* **Dataset**

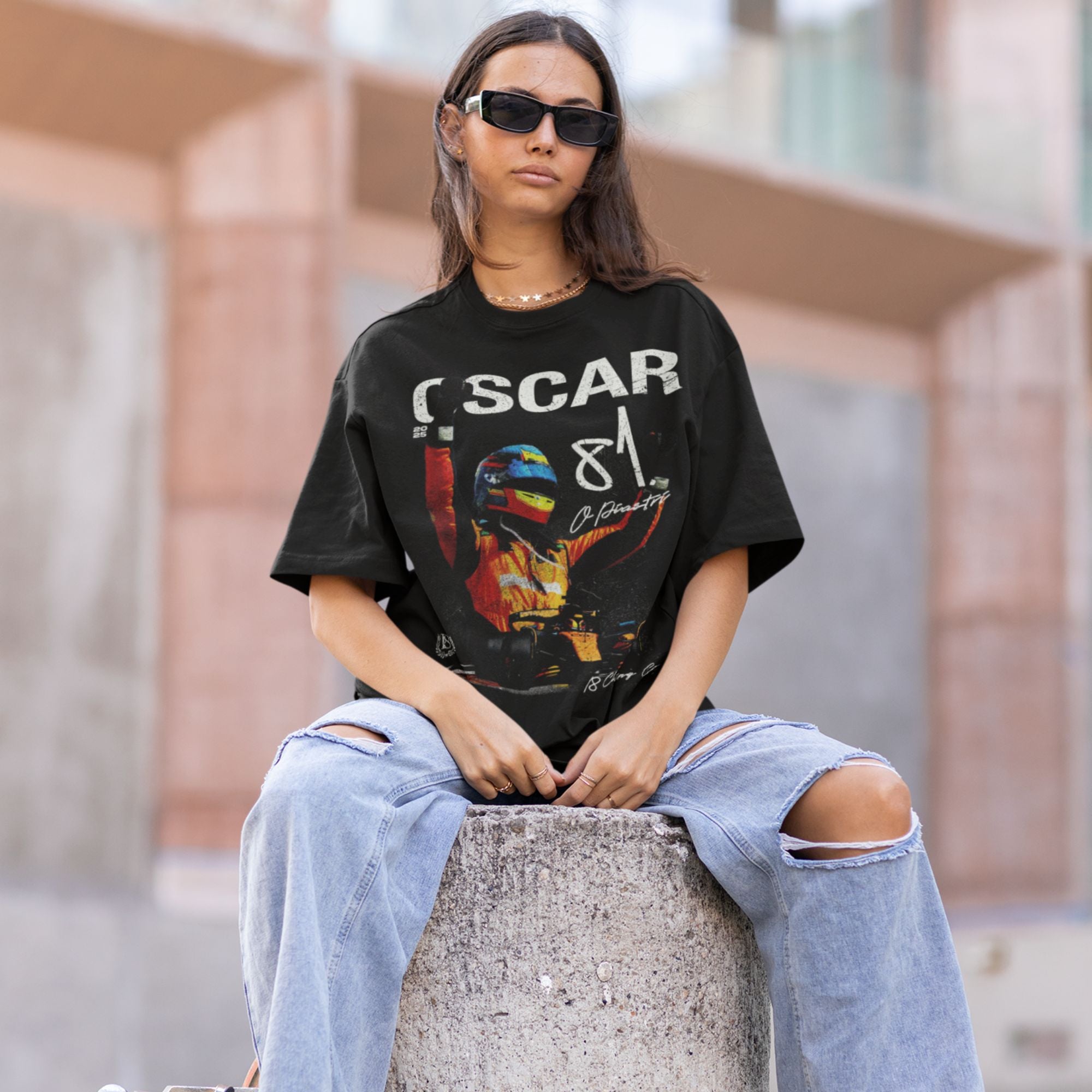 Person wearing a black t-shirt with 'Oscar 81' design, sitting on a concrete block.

--

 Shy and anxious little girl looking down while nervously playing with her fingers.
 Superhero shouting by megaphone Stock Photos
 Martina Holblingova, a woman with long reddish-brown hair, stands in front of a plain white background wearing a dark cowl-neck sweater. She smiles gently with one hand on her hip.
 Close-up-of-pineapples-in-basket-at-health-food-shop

* **Problem description**
Repeat exactly the lines above from the one with "Shy and anxious" up to and including the one with "Close-up-of-pineapples-in-basket-at-health-food-shop". No other line belongs in the reply.

* **Solution to the problem**
 Shy and anxious little girl looking down while nervously playing with her fingers.
 Superhero shouting by megaphone Stock Photos
 Martina Holblingova, a woman with long reddish-brown hair, stands in front of a plain white background wearing a dark cowl-neck sweater. She smiles gently with one hand on her hip.
 Close-up-of-pineapples-in-basket-at-health-food-shop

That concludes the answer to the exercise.